_Task goal_.
Please repeat the lines below, exactly and only, from the one that holds "realistic google pixel 3 3D model" through the one that holds "Off white navy hoodie sale".

Task inputs section start

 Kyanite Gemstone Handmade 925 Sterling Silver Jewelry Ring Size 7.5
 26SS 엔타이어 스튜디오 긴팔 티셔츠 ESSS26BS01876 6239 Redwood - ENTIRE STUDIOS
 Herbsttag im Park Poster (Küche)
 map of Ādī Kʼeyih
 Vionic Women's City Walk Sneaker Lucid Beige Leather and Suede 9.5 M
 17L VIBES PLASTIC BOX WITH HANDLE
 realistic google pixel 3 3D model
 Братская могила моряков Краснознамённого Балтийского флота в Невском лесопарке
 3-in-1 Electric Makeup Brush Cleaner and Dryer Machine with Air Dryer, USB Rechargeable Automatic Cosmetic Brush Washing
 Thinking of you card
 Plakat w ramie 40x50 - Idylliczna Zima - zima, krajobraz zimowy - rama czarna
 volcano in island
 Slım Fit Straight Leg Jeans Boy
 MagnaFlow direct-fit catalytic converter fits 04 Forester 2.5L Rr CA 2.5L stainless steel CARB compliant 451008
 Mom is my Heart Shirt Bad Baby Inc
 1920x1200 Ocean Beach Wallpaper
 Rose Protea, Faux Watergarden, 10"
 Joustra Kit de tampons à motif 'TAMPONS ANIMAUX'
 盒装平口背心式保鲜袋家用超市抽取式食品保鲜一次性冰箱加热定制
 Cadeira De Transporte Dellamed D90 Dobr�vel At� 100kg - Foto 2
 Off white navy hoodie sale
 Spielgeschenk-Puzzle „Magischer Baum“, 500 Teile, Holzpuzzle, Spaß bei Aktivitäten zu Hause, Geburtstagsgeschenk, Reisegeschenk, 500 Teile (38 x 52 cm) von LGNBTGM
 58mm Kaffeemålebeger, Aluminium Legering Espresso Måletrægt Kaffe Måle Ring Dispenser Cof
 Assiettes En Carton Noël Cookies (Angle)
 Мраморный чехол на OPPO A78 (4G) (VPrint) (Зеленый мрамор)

Task inputs section end

_Answer to the problem_.
 realistic google pixel 3 3D model
 Братская могила моряков Краснознамённого Балтийского флота в Невском лесопарке
 3-in-1 Electric Makeup Brush Cleaner and Dryer Machine with Air Dryer, USB Rechargeable Automatic Cosmetic Brush Washing
 Thinking of you card
 Plakat w ramie 40x50 - Idylliczna Zima - zima, krajobraz zimowy - rama czarna
 volcano in island
 Slım Fit Straight Leg Jeans Boy
 MagnaFlow direct-fit catalytic converter fits 04 Forester 2.5L Rr CA 2.5L stainless steel CARB compliant 451008
 Mom is my Heart Shirt Bad Baby Inc
 1920x1200 Ocean Beach Wallpaper
 Rose Protea, Faux Watergarden, 10"
 Joustra Kit de tampons à motif 'TAMPONS ANIMAUX'
 盒装平口背心式保鲜袋家用超市抽取式食品保鲜一次性冰箱加热定制
 Cadeira De Transporte Dellamed D90 Dobr�vel At� 100kg - Foto 2
 Off white navy hoodie sale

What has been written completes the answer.